■ **YOUR GOAL**: Your copy should start at the line with "LEE 100周年記念101 大戦モデル デニムジャケット パンツ セットアップ" and end at the line with "Yankee Handyman No. 2H Ratchet Screwdriver" in the data below. Transcribe only those lines, exactly, pictures excluded.

***** INFORMATION PROVIDED

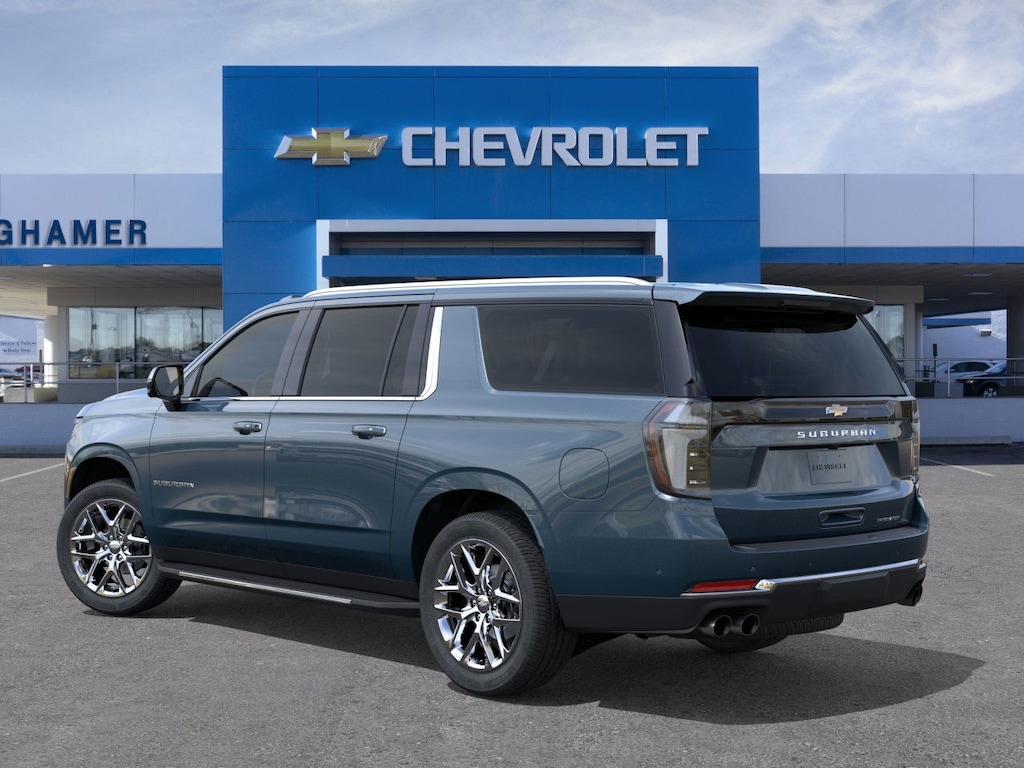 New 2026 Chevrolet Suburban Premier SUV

**********
***** INFORMATION PROVIDED

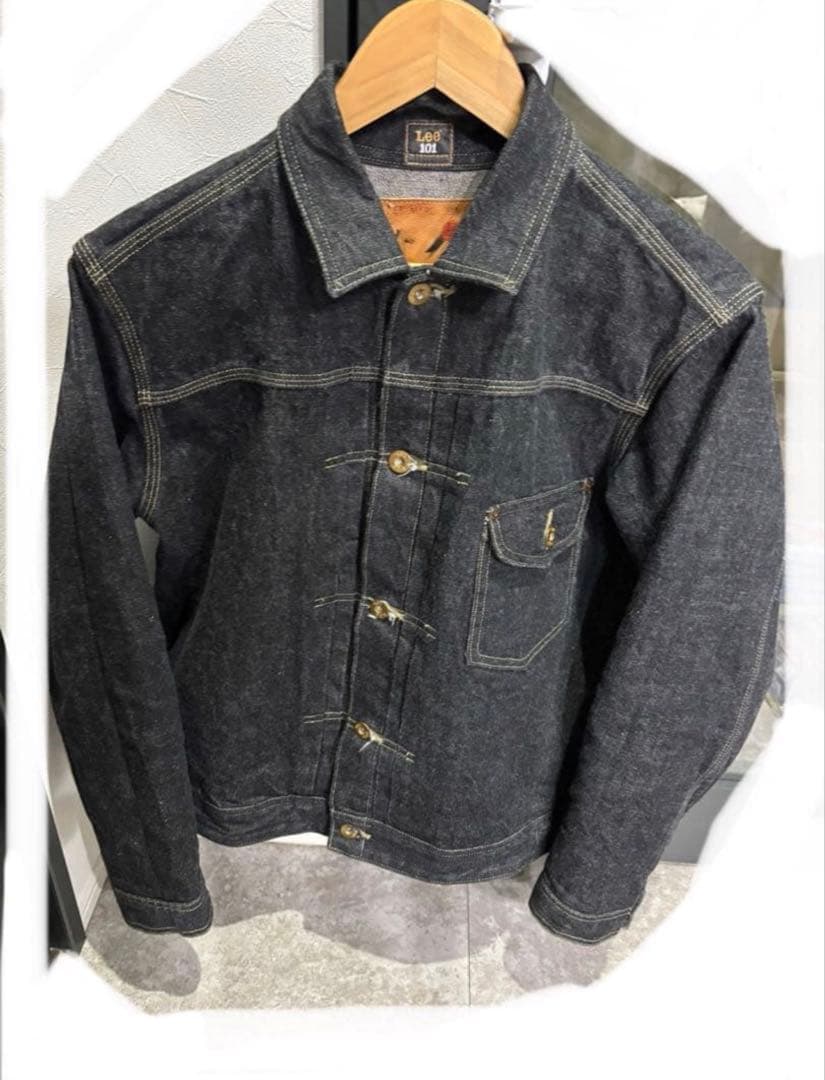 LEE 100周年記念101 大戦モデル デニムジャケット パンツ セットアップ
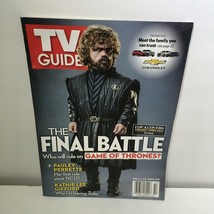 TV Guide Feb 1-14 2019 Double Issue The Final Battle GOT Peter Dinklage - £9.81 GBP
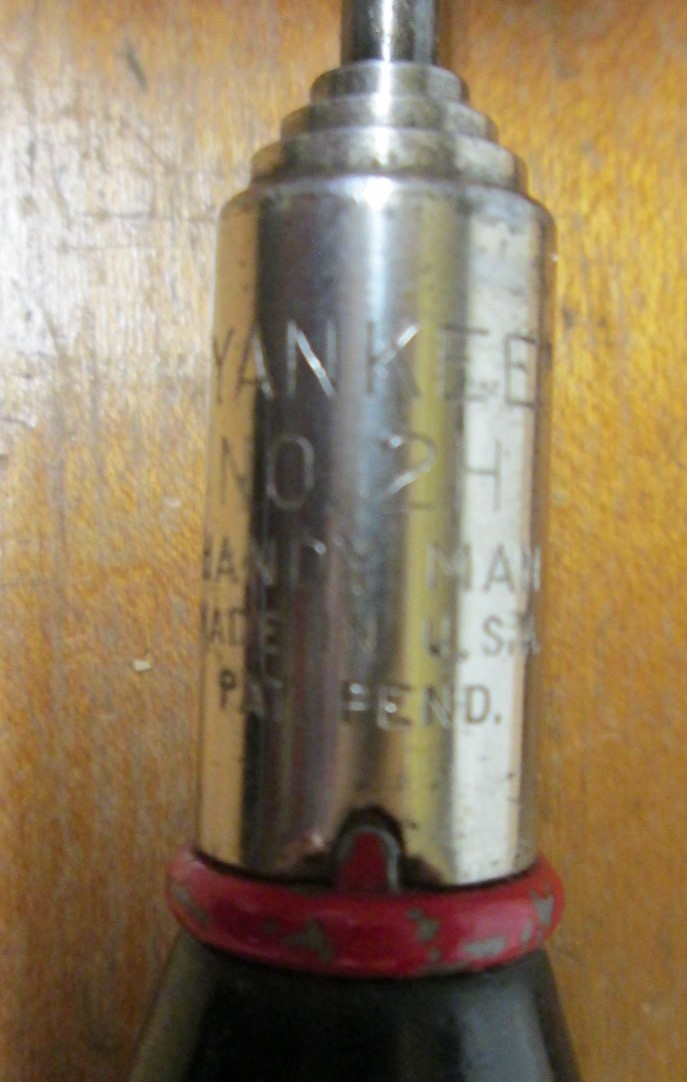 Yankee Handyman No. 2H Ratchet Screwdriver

**********

■ **EXPECTED OUTPUT**:
 LEE 100周年記念101 大戦モデル デニムジャケット パンツ セットアップ
 TV Guide Feb 1-14 2019 Double Issue The Final Battle GOT Peter Dinklage - £9.81 GBP
 Yankee Handyman No. 2H Ratchet Screwdriver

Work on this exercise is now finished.